The social consciousness, indeed, well illustrates Fairbairn's admirable statement of how progress is to be expected in theology. "The longer the history [of Christ]," he says, "lives in the [Christian] consciousness and penetrates it, the more does the consciousness become able to interpret the history in its own terms and according to its own contents. The old pagan mind into which Christianity first came could not possibly be the best interpreter of Christianity, and the more the mind is cleansed of the pagan the more qualified it becomes to interpret the religion. It is, therefore, reasonable to expect that the later forms of faith should be the truer and purer."[56]
Now the social consciousness itself is a genuine manifestation of the spirit of Christ at work in the world, and the mind permeated with this social consciousness is consequently better able to turn back to the teaching of Jesus and give it proper interpretation.

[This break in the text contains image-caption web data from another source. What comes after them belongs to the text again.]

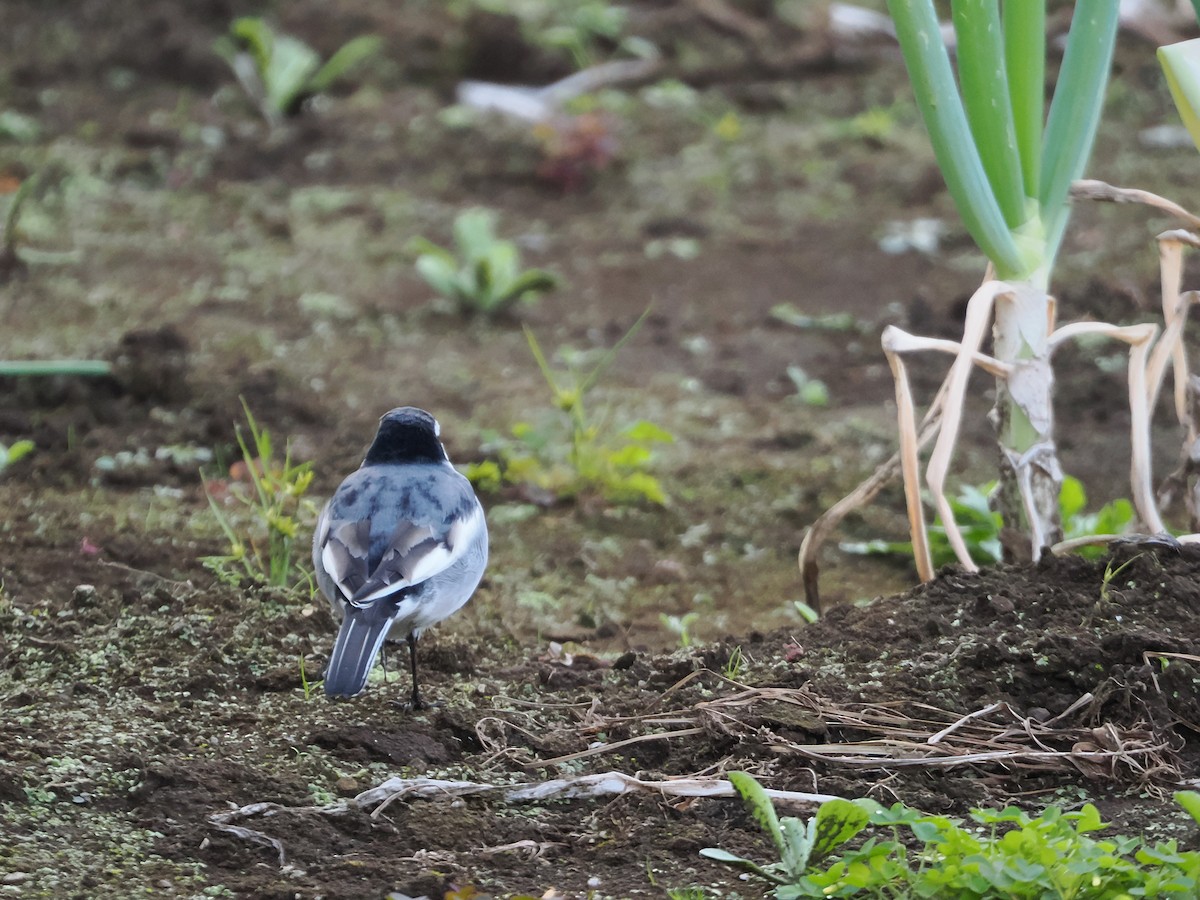 konipas bílý - ML644677136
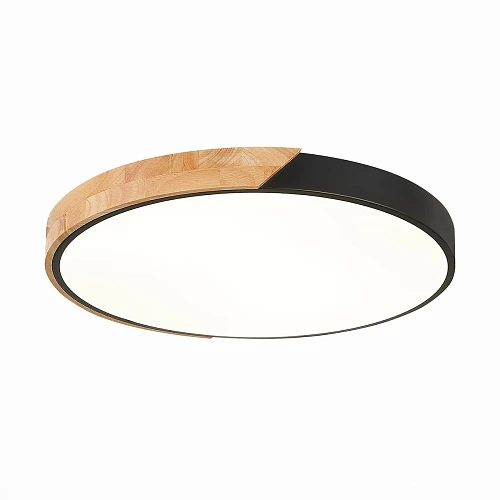 Потолочный светодиодный светильник Evoluce Festa SLE200942-01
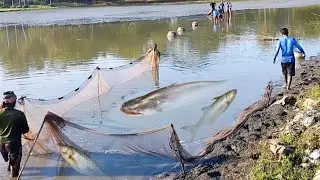 A lot of water in the middle | Fishing Tips | Bass Fishing | fishing | catching fish | fish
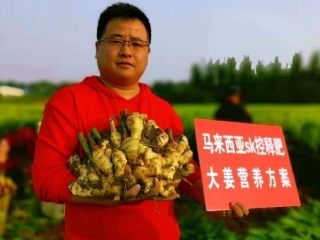 Customer-Testimonial-Ginger-Farmer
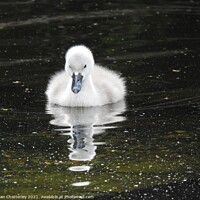 Buy canvas prints of Baby cygnet with dark background by Joan Rosie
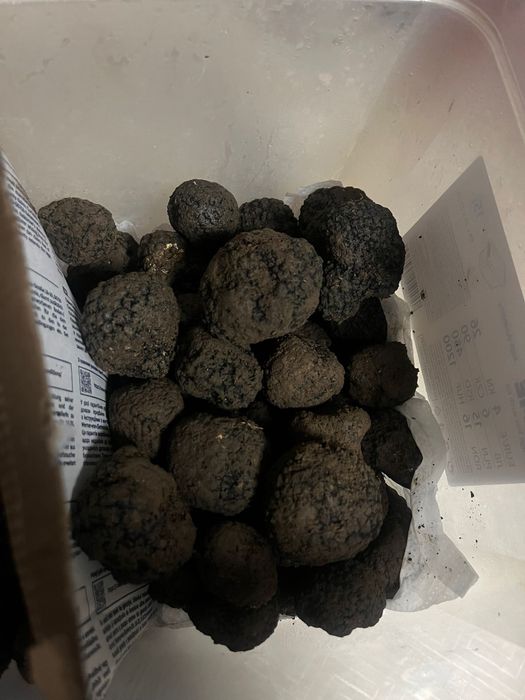 Trufe proaspete si aromate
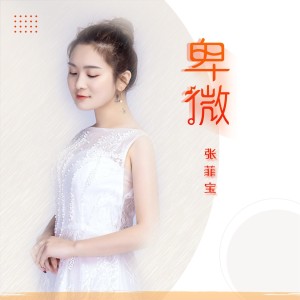收聽張菲寶的卑微 (伴奏)歌詞歌曲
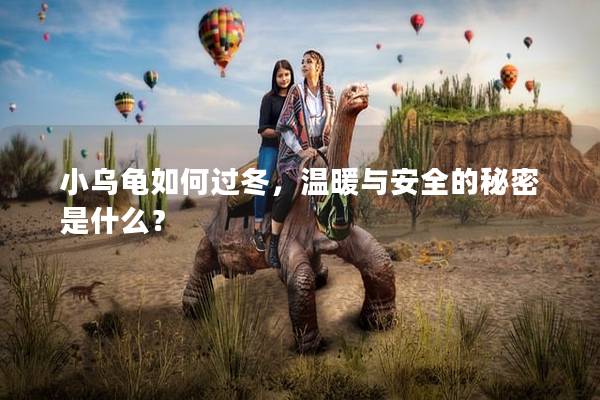 小乌龟如何过冬，温暖与安全的秘密是什么？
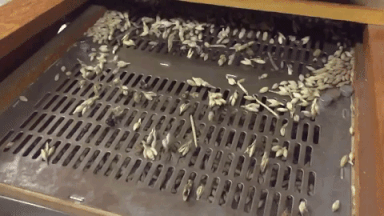 Clipper cleaner sifting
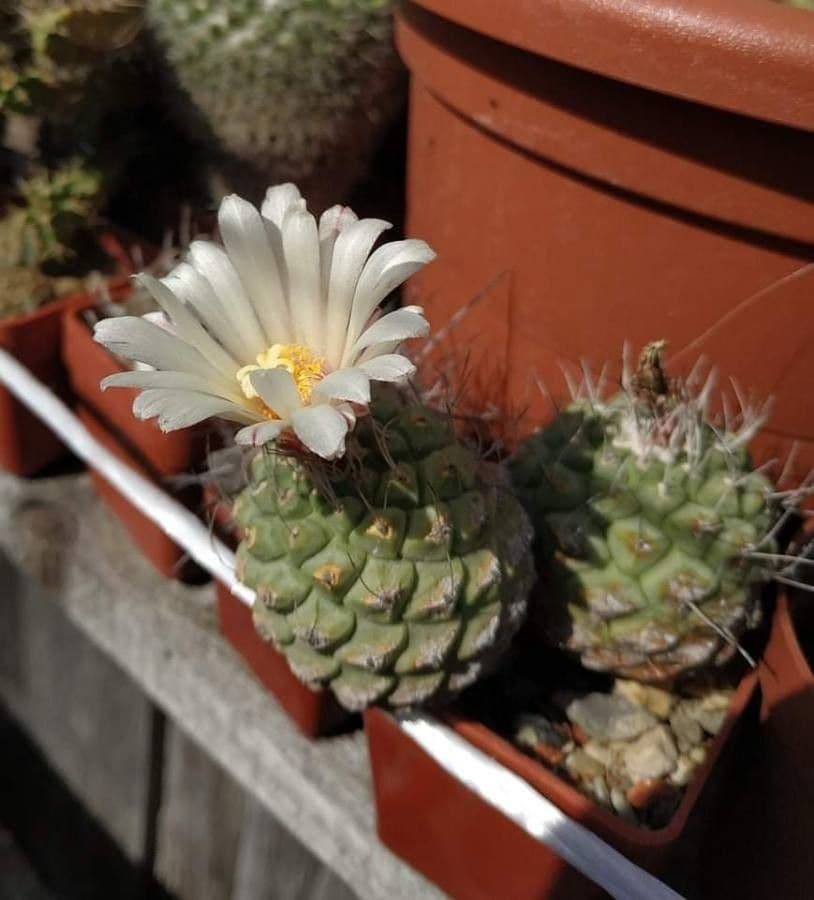 Strombocactus 5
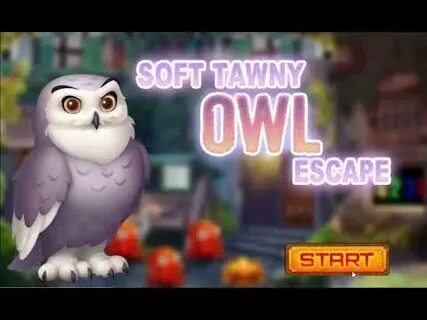 código de indicação betano 2025 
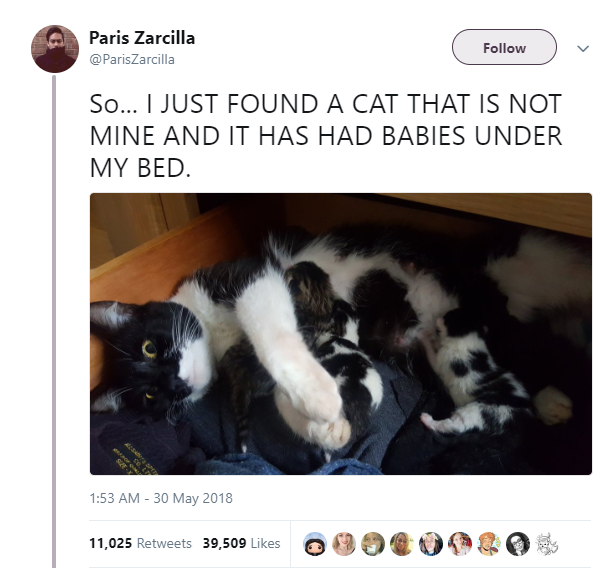 Paris Zarcilla cat daddy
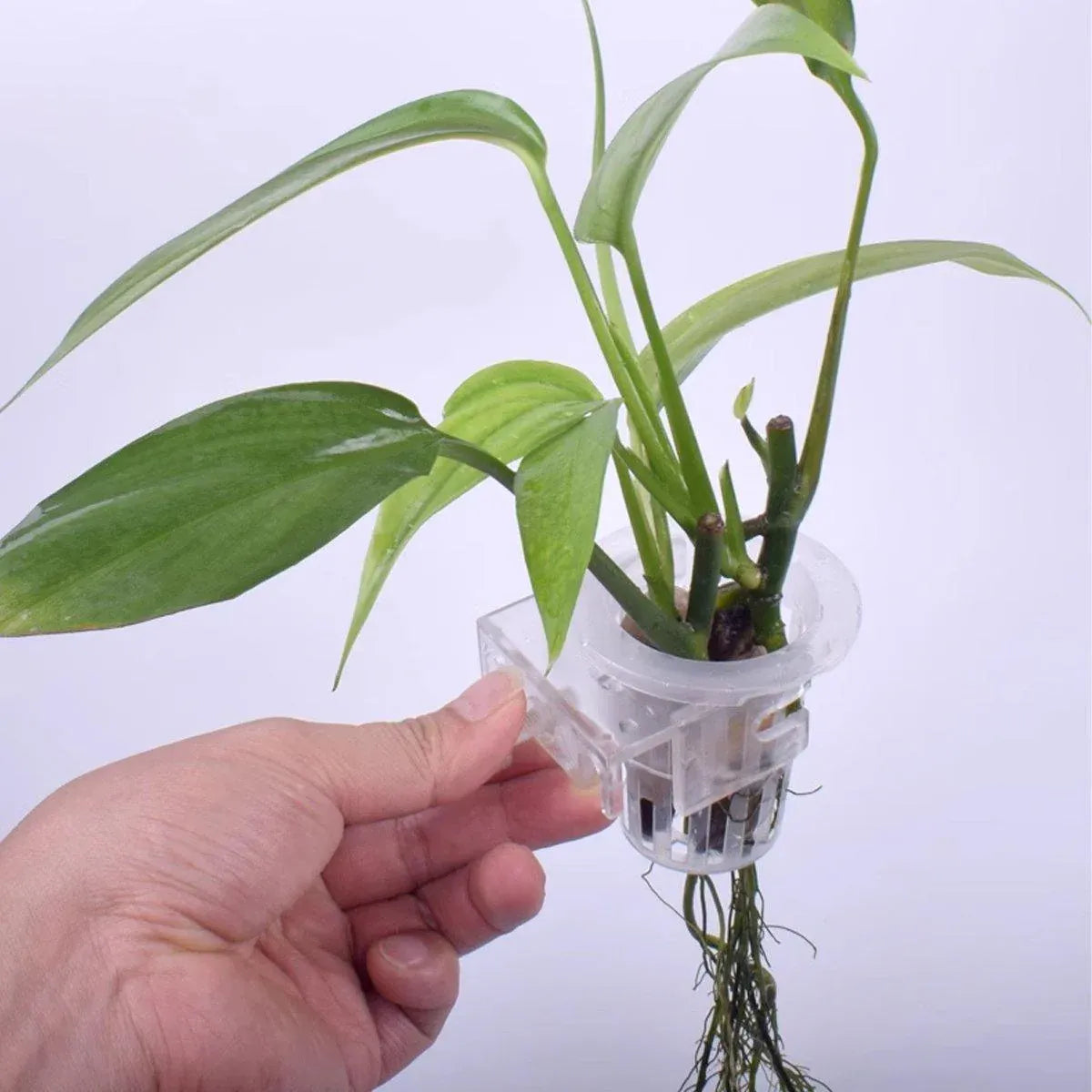 Adjustable Wall-Mounted Aquarium Plant Holder Cup - product photo 5 of 14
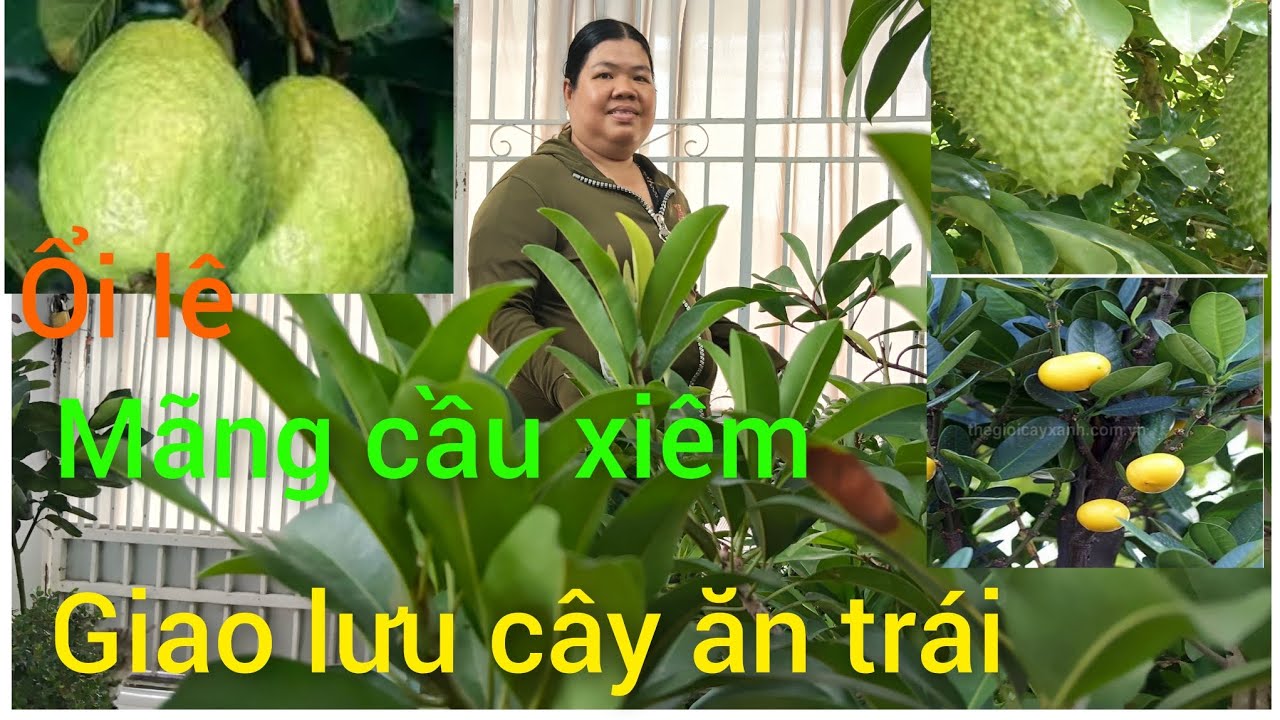 Hồng cây giống giá rẻ miền Tây giao lưu cây ăn trái na thái, lekima, bưởi da xanh 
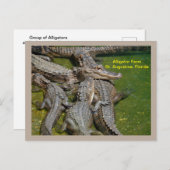 Cartes Pour Fêtes Annuelles Groupe d'alligators dans une ferme d'alligators (Devant / Derrière)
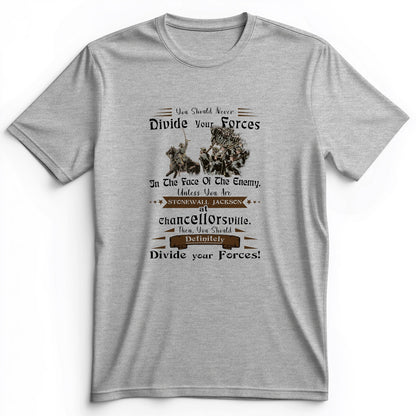 Dividing Forces Premium Tee
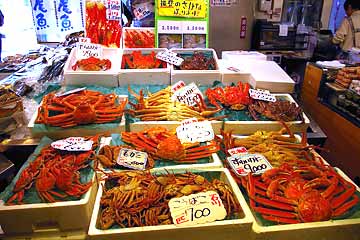 �t�B�b�V���[�}���Y���[�t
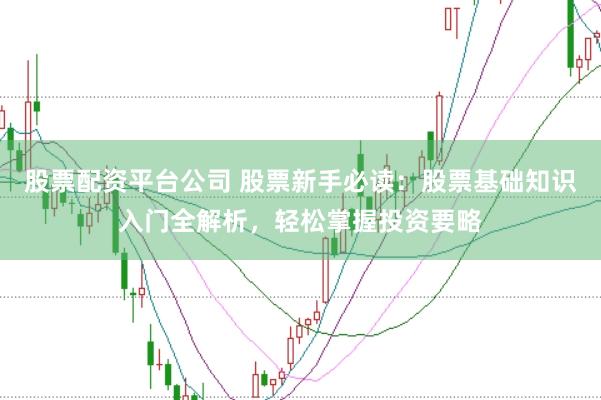 股票配资平台公司 股票新手必读：股票基础知识入门全解析，轻松掌握投资要略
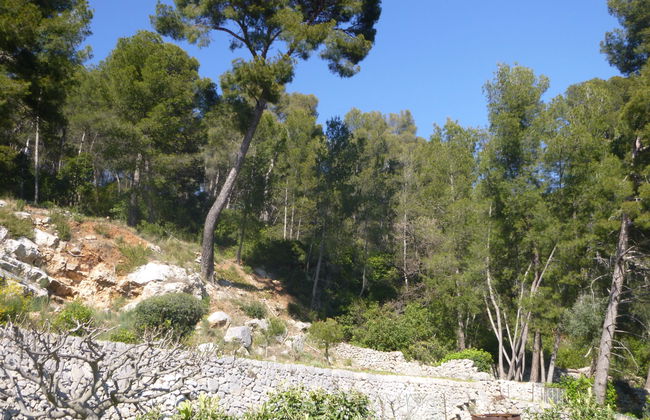 4 bedroom House in La Valette-du-Var with private pool and garden - Photo 36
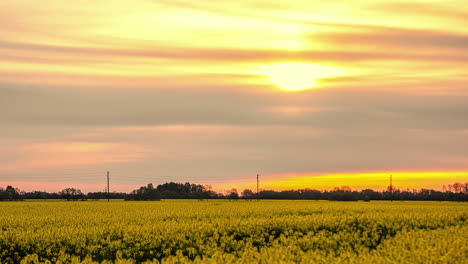 Beautiful-Sunset-Sky-Over-Blooming-Canola-Rapeseed-Fields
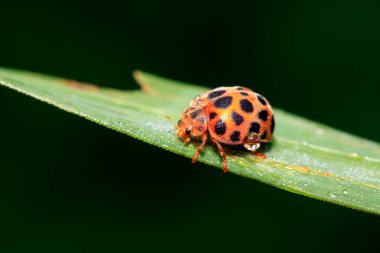Epilachna vigintioctopunctata doğadaki bitki üzerinde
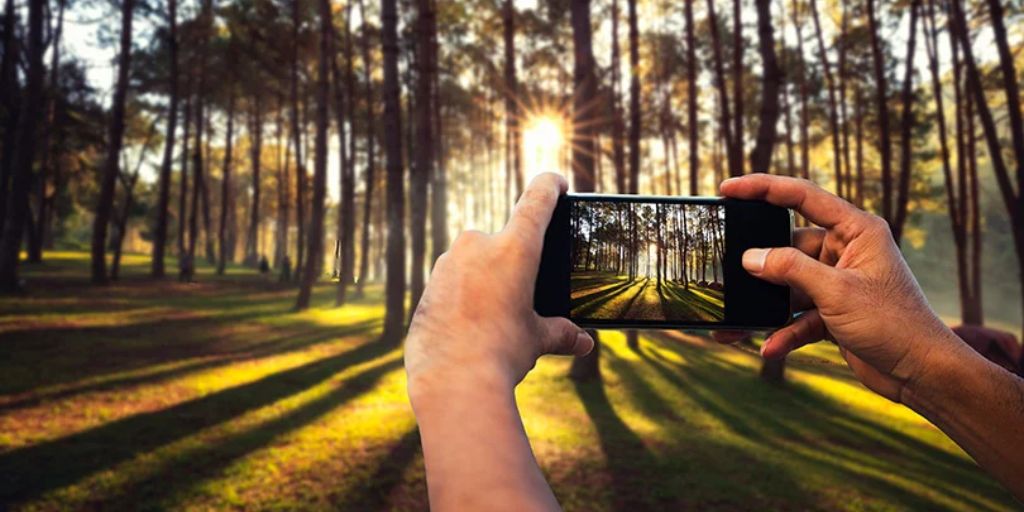 Tips for Better Smartphone Photography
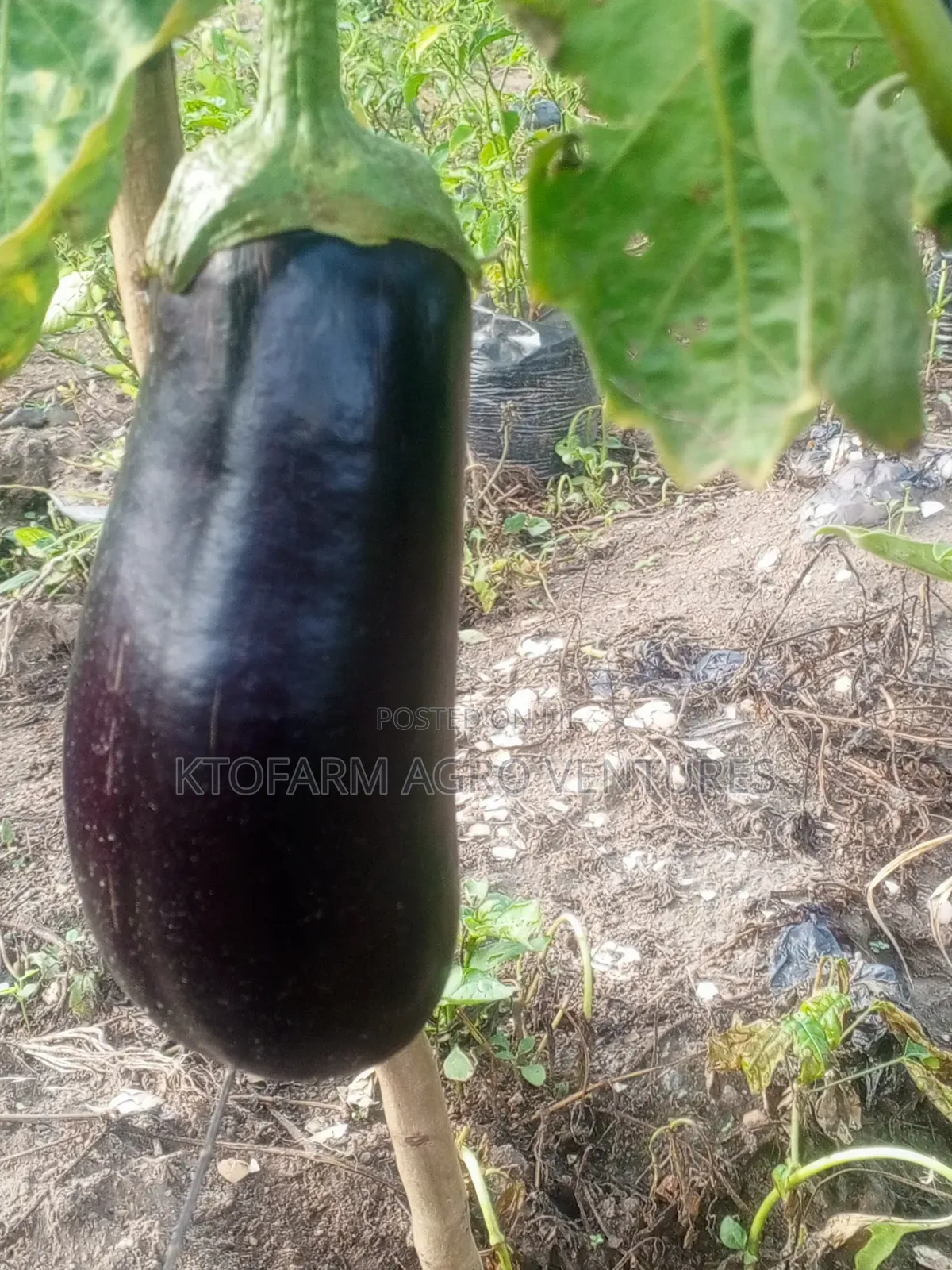 Eggplant Fruit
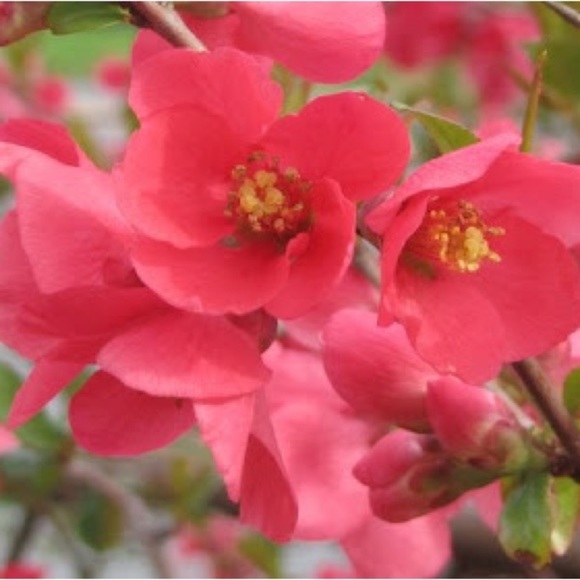 FENDI *RARE* sensuous mohair cashmere sweater - Picture 6 of 16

IV. THE REFLECTION IN THEOLOGY OF THE CHANGES IN THE CONCEPTION OF RELIGION
Once more, theology, as an expression of religion, will at once reflect any change in the conception of religion. The influence of the social consciousness upon religion, already traced, will, therefore, inevitably pass over into theology. This means nothing less than a changed point of view, in the consideration of each doctrine. For theology must then recognize clearly that it can build on no falsely mystical conception of communion with God; but, while keeping the elements in mysticism which are justified by the social consciousness, it will require of itself throughout a formulation of doctrine in terms that shall be thoroughly personal, thoroughly ethical, and indubitably loyal to the concretely historically Christian. Many traditional statements quite fail to meet so searching a test; but no lower standard can give a theology that should fully meet the demands of the social consciousness.
The general results of the influence of the social consciousness upon theological doctrine, then, may be said to include: The emphasis upon the fully personal, and so conceiving theology in terms of personal relation; the deepening of the conception of the Fatherhood of God, and making this the determining principle in theology; the application of the social principles of the teaching of Jesus to theology; the reflection in theology of the natural changes in the conception of religion wrought by the social consciousness. Now any one of these general results indicates the certain influence of the social consciousness upon theology, and any one might be followed out into helpful suggestions for the restatement of theological doctrines.
But we shall probably most clearly and definitely answer the question of our theme, if we ask specifically concerning the several elements of the social consciousness: How does a deepening sense of the like-mindedness of men, of the mutual influence of men, of the value and sacredness of the person, of personal obligation, and of love, tend to affect our theological point of view and mode of statement? And our inquiry will follow these separate questions in separate chapters, except that for the purposes of theological inference, the last three may be appropriately grouped together.
[54] Nash, _Ethics and Revelation_, p. 259.
[55] Peabody, _Jesus Christ and the Social Question_, p. 104.
[56] Fairbairn, _The Place of Christ in Modern Theology_, p. 186.